Stored data entries
= = = =

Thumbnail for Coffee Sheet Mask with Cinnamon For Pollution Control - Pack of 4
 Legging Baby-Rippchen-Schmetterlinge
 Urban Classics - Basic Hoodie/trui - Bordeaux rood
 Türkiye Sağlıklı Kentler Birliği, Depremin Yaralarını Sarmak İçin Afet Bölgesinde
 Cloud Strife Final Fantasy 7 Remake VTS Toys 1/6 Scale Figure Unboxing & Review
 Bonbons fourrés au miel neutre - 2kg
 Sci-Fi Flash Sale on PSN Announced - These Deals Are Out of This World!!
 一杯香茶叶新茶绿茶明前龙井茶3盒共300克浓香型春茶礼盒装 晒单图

= = = =

Lines from the one containing "Urban Classics - Basic" through the last line of the records, restated word for word: that is the whole response.

 Urban Classics - Basic Hoodie/trui - Bordeaux rood
 Türkiye Sağlıklı Kentler Birliği, Depremin Yaralarını Sarmak İçin Afet Bölgesinde
 Cloud Strife Final Fantasy 7 Remake VTS Toys 1/6 Scale Figure Unboxing & Review
 Bonbons fourrés au miel neutre - 2kg
 Sci-Fi Flash Sale on PSN Announced - These Deals Are Out of This World!!
 一杯香茶叶新茶绿茶明前龙井茶3盒共300克浓香型春茶礼盒装 晒单图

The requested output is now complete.